Nach den blutigen Auseinandersetzungen am Grenzzaun im Gazastreifen drohen die Massenproteste der Palästinenser in offene Gewalt umzuschlagen. Denn der „Tag des Bodens“, an dem sich weit über 30 000 Demonstranten den israelischen Panzern und Scharfschützern nährten, war erst der Auftakt zu einer mehrwöchigen Protestwelle, mit der an die Enteignung palästinensisch-arabischen Besitzes durch Israel im Jahre 1976 erinnert wurde. Auf dem Höhepunkt der Protestwelle am 14. Mai, dem 70. Jahrestag der israelischen Staatsgründung, sollen sich aus den Nachbarstaaten des jüdischen Staates Millionen palästinensischer Flüchtlinge in Richtung Gaza in Bewegung setzen, um die Grenze nach Israel zu überqueren.

Sollten die Flüchtlinge aus den Lagern in Jordanien, dem Libanon oder Gaza dem Aufruf der Anführer der Protestbewegung folgen, wäre Israel mit einer der größten Herausforderungen seit seiner Staatsgründung konfrontiert. Die Regierung in Jerusalem  stünde vor dem Dilemma, unbewaffnete Demonstranten womöglich mit militärischer Gewalt zu stoppen, um massenhafte Grenzübertritte zu verhindern. Am vergangenen Wochenende galt laut Verteidigungsminister Avigdor Lieberman das „Prinzip der eisernen Mauer“:  17 Palästinenser starben durch Panzergranaten oder Scharfschützen,  über 1 400 wurden verletzt, zumeist durch Tränengas. Der wütende Protest, mit dem die Palästinenser ihr „Recht auf Rückkehr“ demonstrierten, wurde zum blutigsten Tag seit Ende des Gaza-Krieges 2014.

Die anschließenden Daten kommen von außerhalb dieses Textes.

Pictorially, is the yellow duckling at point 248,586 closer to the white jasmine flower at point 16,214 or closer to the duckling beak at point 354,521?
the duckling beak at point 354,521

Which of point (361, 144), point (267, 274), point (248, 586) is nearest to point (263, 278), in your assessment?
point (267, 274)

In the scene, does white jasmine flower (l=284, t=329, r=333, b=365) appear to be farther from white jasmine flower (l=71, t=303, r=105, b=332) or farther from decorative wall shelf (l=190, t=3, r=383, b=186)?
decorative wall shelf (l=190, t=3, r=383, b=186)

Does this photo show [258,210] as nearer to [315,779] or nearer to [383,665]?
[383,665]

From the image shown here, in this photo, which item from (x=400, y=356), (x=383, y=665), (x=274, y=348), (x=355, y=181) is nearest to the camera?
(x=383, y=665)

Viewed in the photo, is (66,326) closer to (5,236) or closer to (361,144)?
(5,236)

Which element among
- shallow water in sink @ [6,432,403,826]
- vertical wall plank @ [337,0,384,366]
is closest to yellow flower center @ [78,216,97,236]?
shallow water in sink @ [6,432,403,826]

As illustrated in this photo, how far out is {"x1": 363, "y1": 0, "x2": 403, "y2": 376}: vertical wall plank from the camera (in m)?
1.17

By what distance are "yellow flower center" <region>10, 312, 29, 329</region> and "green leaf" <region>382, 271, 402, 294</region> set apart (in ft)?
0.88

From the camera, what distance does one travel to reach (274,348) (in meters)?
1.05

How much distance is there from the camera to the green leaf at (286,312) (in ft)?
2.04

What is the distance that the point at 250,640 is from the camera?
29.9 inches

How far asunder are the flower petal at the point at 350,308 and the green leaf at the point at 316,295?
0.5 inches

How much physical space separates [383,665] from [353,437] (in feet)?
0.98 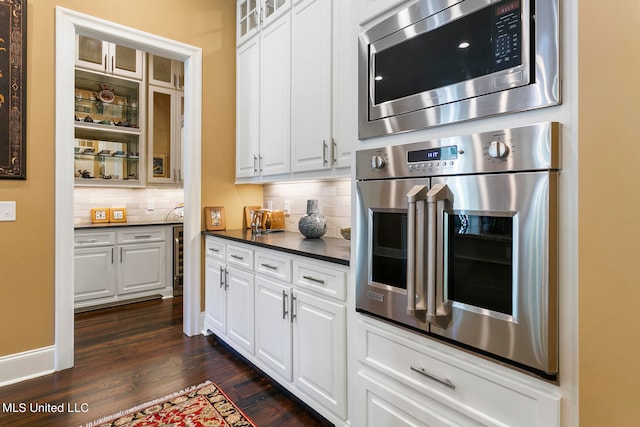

Die von UNO-Generalsekretär Antonio Guterres geforderte „unabhängige und transparente Untersuchung“ verhinderten die USA im Weltsicherheitsrat mit ihrem Veto. Für die Regierung der Hardliner um Premierminister Benjamin Netanjahu steht ohnedies fest, dass „bekannte Terroraktivisten“ (Lieberman) der radikalislamischen Hamas für die Ausschreitungen verantwortlich sind. Doch aus Reihen der israelischen Armee kommen jetzt kritische Stimmen, die der Regierung vorhalten, den Streitkräften die Verantwortung für die zugespitzte Lage zu überlassen, während sich die Politik um eine Lösung drücke.

Tatsächlich reicht die Sorge vor einer Eskalation im Heiligen Land weit über den Konflikt zwischen Israel und den Palästinensern hinaus. Die USA fallen als vermittelnde Kraft aus – spätestens seit Präsident Donald Trump angekündigt hat, die amerikanische Botschaft Mitte  Mai nach Jerusalem zu verlegen. Der jetzt von Trump spontan erklärte Rückzug der USA aus Syrien, um dessen Schicksal sich nun „andere Leute“ (Trump) kümmern sollen, vergrößert das politische Vakuum, verkleinert aber nicht die Gefahr zusätzlicher gefährlicher Konflikte im nahöstlichen Pulverfass.